The Theory of Corporate Finance
岸田政権の「新しい資本主義」が何を意味するのかよくわからないが、新しい資本主義実現会議の資料を読むと、少なくとも事務局はこれをステイクホルダー資本主義と理解しているようだ。

この資料は内閣府審議官の新原浩朗氏(元経産省産業政策局長)が書いたといわれる。ここでは首相の意図を忖度し、2001年のティロールの論文が「企業は株主価値を最大化するものという伝統的な考え方に対して、ステークホルダー全体を考慮すべきとの考え方を提示」していると書いている。
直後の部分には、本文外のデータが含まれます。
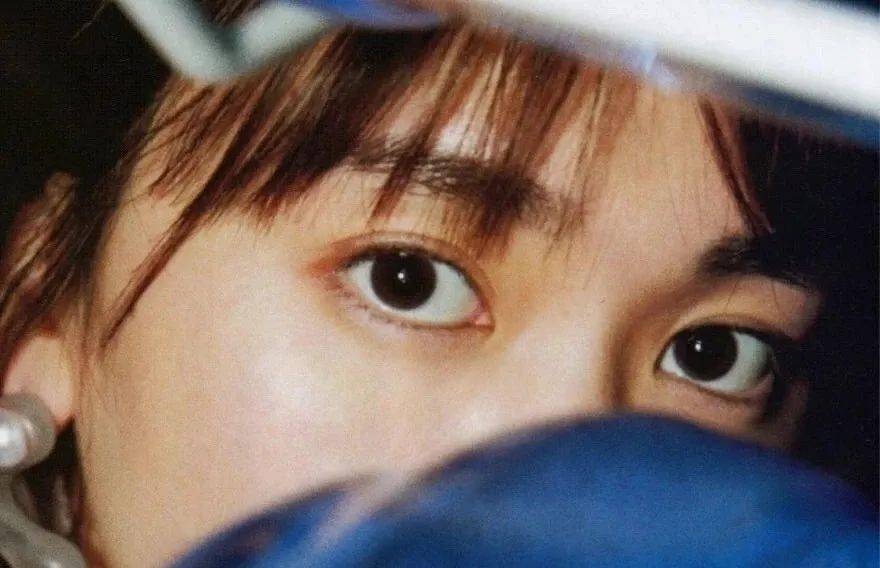 双杠|“悲伤蛙”，双杠眼……双眼皮到底怎么割？！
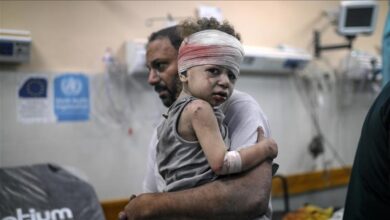 صورة طبيب أمريكي عائد من غزة: الجيش الـ”إسرائيلي” يتعمد قتل الأطفال بأسلحة غير اعتيادية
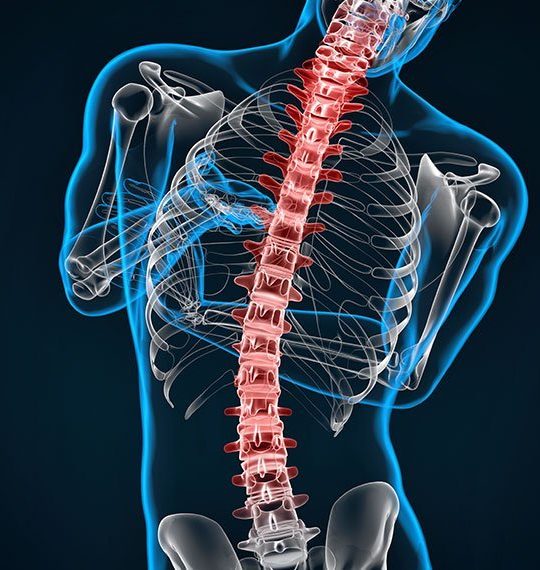 Diagram Scoliosis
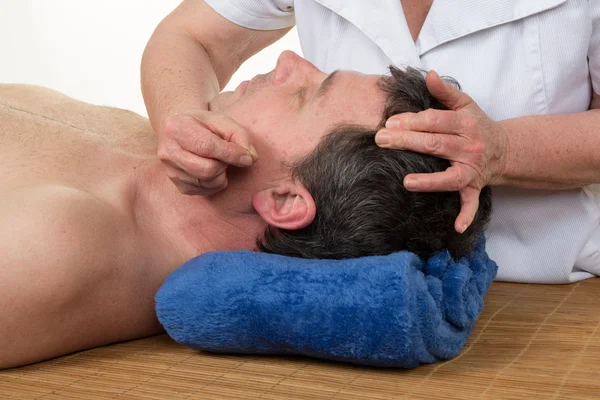 Closeup of hand performing acupuncture therapy on customer's back at salon — Stock Photo, Image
これだと経済学は株主の利益しか考えない偏狭な学問みたいだが、これは誤りである。このティロールの教科書(2006年)を読めばわかるように、経営インセンティブ理論の目的は、もともと経営者や労働者を含む全ステイクホルダーの利益の最大化である。

しかし全員の同意で意思決定する企業が、全員の利益を最大化するとは限らない。それは次のような欠陥があるからだ。

 ・利益の配分を契約で決められない
 ・意思決定が行き詰まる
 ・経営陣に明確な目的がない

これに対して株主がすべて決める株主資本主義はバイアスがあるが、GAFAMやソフトバンクやユニクロのように、最近はステイクホルダー型より高いパフォーマンスを上げている。それはなぜだろうか?